Gestión pública y privada
En este sentido, los partidarios de la gestión pública del agua argumentan que bajo esta modalidad el objetivo no sería la obtención de beneficios sino factores no económicos como el acceso universal o el aumento de la calidad del suministro. Adicionalmente, defienden que de esta manera la explotación de los recursos hídricos será más moderada (al tener en cuenta también criterios medioambientales) y que las ganancias de la actividad beneficiarán al conjunto de la sociedad ya que pasarán a las arcas públicas. También suponen que al estar sus responsables obligados a responder a la ciudadanía en las urnas, la gestión será más honesta y transparente.
No obstante, los partidarios de la propiedad pública del agua suelen apoyarse más en los fracasos de la gestión privada que en sus propios éxitos. Uno de los casos más paradigmáticos en este sentido es el de la llamada Guerra del Agua en Cochabamba (Bolivia), donde la privatización del suministro hídrico en el año 2000 dio lugar a un estado de intenso malestar social al suponer un incremento del 35% en los precios al consumidor. El conflicto se resolvió con la retirada de la empresa comercializadora y el traspaso de la gestión a manos municipales, lo cual no ha impedido que aún hoy el servicio siga siendo deficiente y no se haya alcanzado el objetivo del acceso universal. Una ola de insatisfacción similar (aunque afortunadamente no expresada por cauces violentos) también parece haberse adueñado de numerosas ciudades europeas, con más de 200 corporaciones municipales del Viejo Continente apropiándose del control del suministro de agua local en la última década.
¿Y los casos que deciden privatizar el agua?
Por el contrario, los partidarios de la privatización del agua argumentan que la libre competencia facilita una gestión más eficiente y permite la formación de precios basados en criterios de oferta y demanda, un elemento fundamental para racionalizar el consumo y poder analizar las inversiones en el sector desde la perspectiva de coste-beneficio (lo que impediría el derroche de recursos y la toma de decisiones guiadas por intereses políticos).

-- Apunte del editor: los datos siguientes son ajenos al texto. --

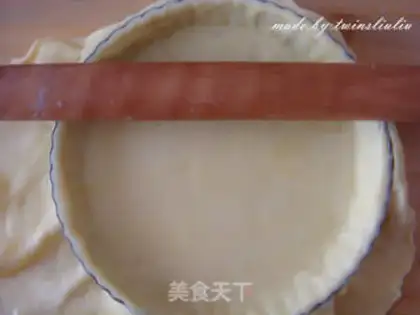 Make Cube apple pie step 14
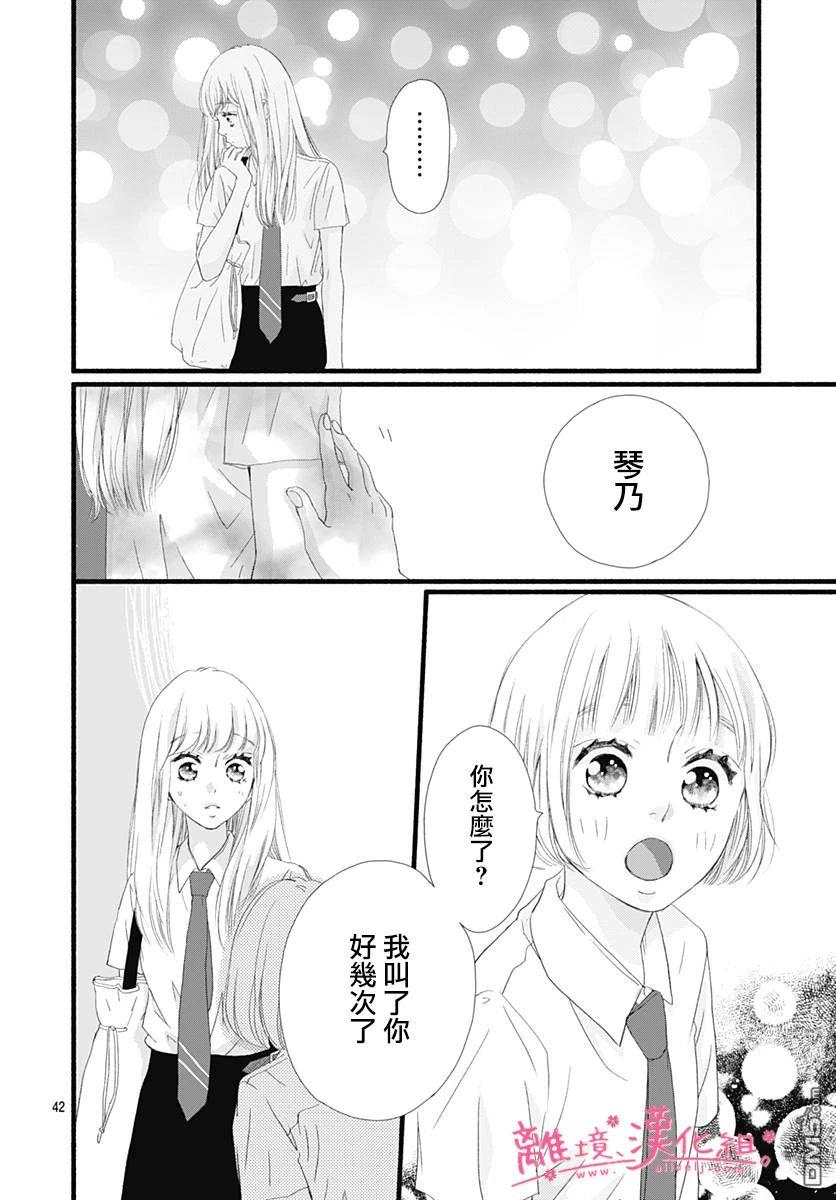 樱花、绽放第17话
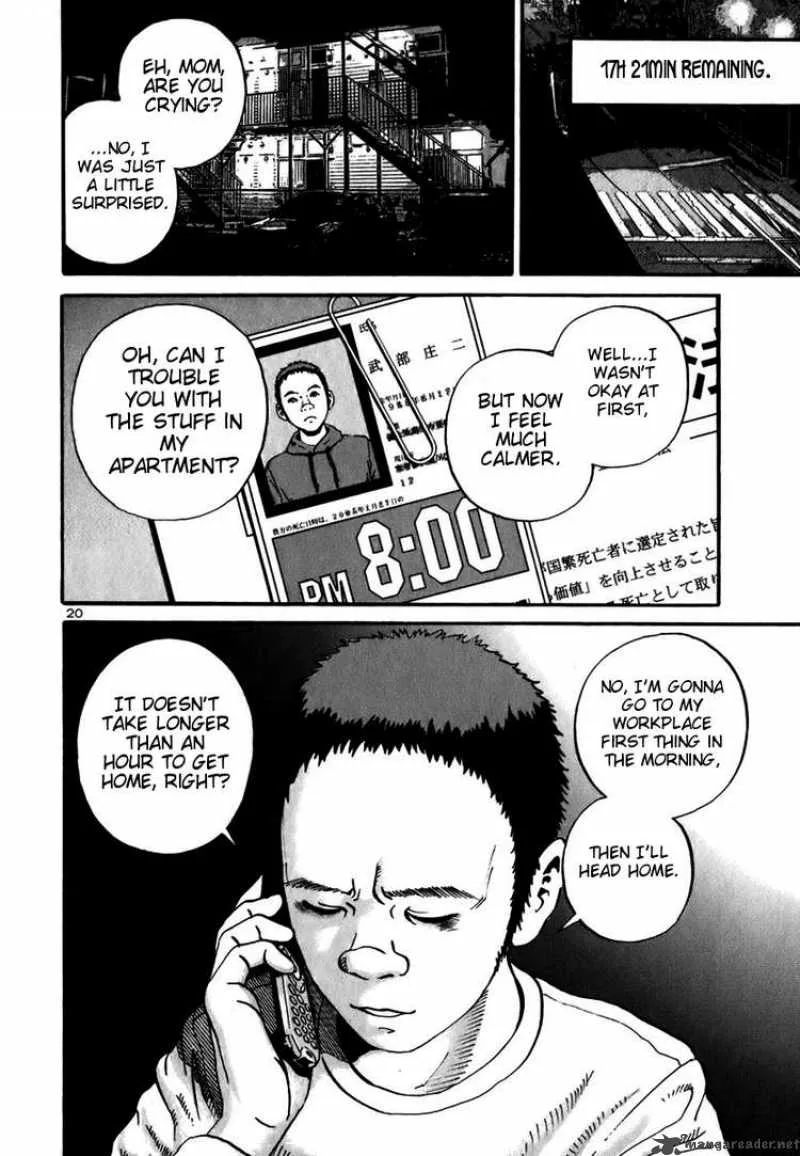 Ikigami Chapter 11 page 18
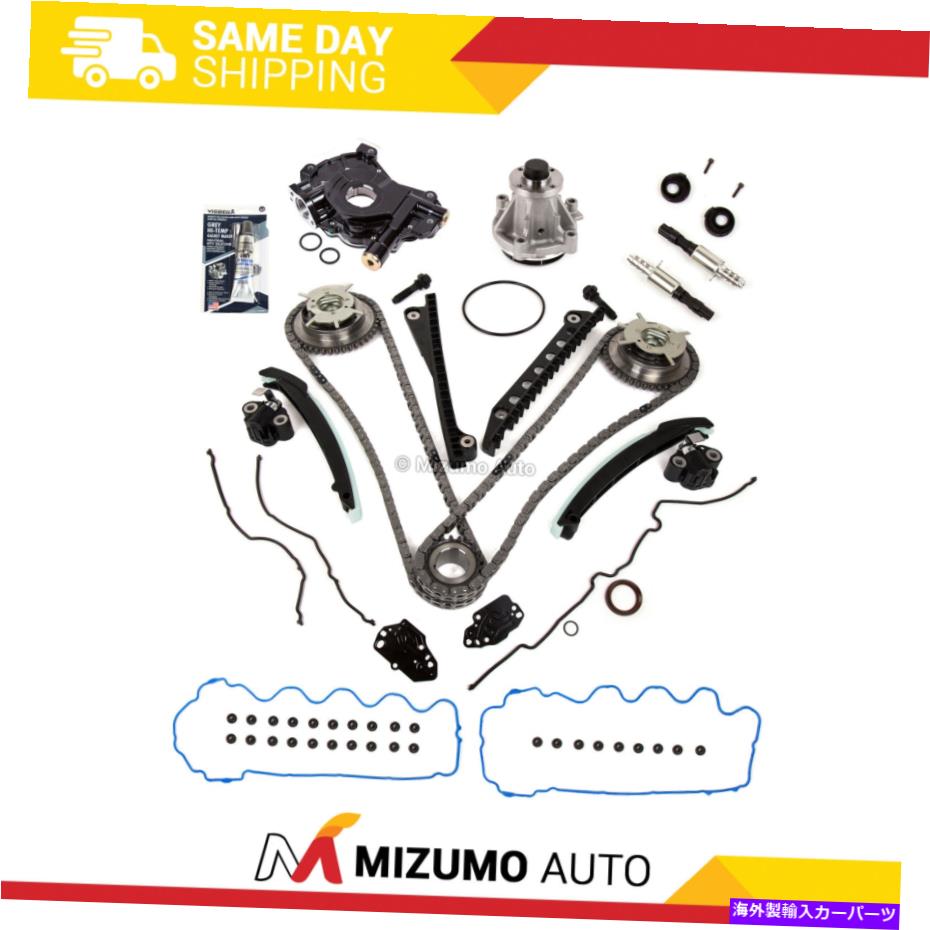 Water Pump タイミングチェーンキットVCTセレノイドカムフェイザーオイルウォーターポンプフィット04-06フォード5.4L 24V Timing Chain Kit VCT Selenoid Cam Phaser Oil Water Pump Fit 04-06 Ford 5.4L 24V【並行輸入品】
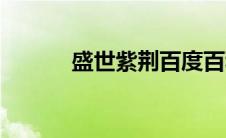 盛世紫荆百度百科（盛世紫荆）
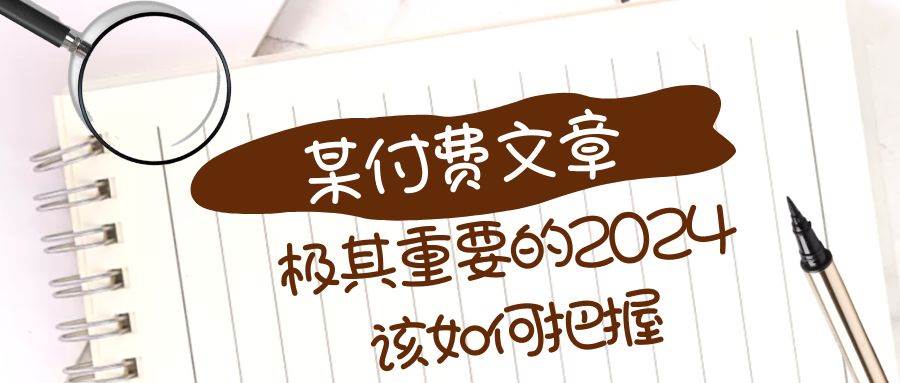 极其重要的2024该如何把握？【某公众号付费文章】-三玖社区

De la misma manera rechazan la idea de que la gestión pública es más transparente, algo que podemos comprobar con relativa facilidad al ver la cantidad de casos de corrupción ligados a las empresas que gestiona la clase política.
La historia económica reciente también cuenta con abundantes éxitos de la gestión privada del agua. El caso más claro posiblemente sea el del Reino Unido, cuya privatización en 1989 dio lugar a un aumento exponencial en la inversión (17.000 millones de libras en los primeros 6 años, con respecto a los 9.300 millones del periodo anterior) y a un mejor suministro con agua más saludable, menos interrupciones en el servicio e infraestructuras más modernas, a cambio de un aumento inicial en las tarifas. También podemos encontrar otras historias de éxito en la ciudad de Manila (Filipinas) e incluso en La Habana (Cuba), donde la privatización del suministro de agua permitió no solamente universalizar su acceso, sino también mejorar su calidad.
¿A favor o en contra de privatizar el agua?
La gran variedad de experiencias al respecto hace difícil sacar conclusiones directas, pero es importante conocer los resultados obtenidos por cada modalidad de gestión para evitar caer en las consignas fáciles que tanto suelen abundar en los discursos de los políticos al respecto.
De esta manera, podremos abordar de forma mucho más racional un debate que lleva presente en nuestra sociedad desde hace décadas, y que además de las cuestiones morales y filosóficas debería tenerse en cuenta el aspecto económico. Es decir, encontrar la fórmula que nos permita gestionar un recurso escaso y esencial para nuestras vidas de la manera más eficiente y equitativa posible.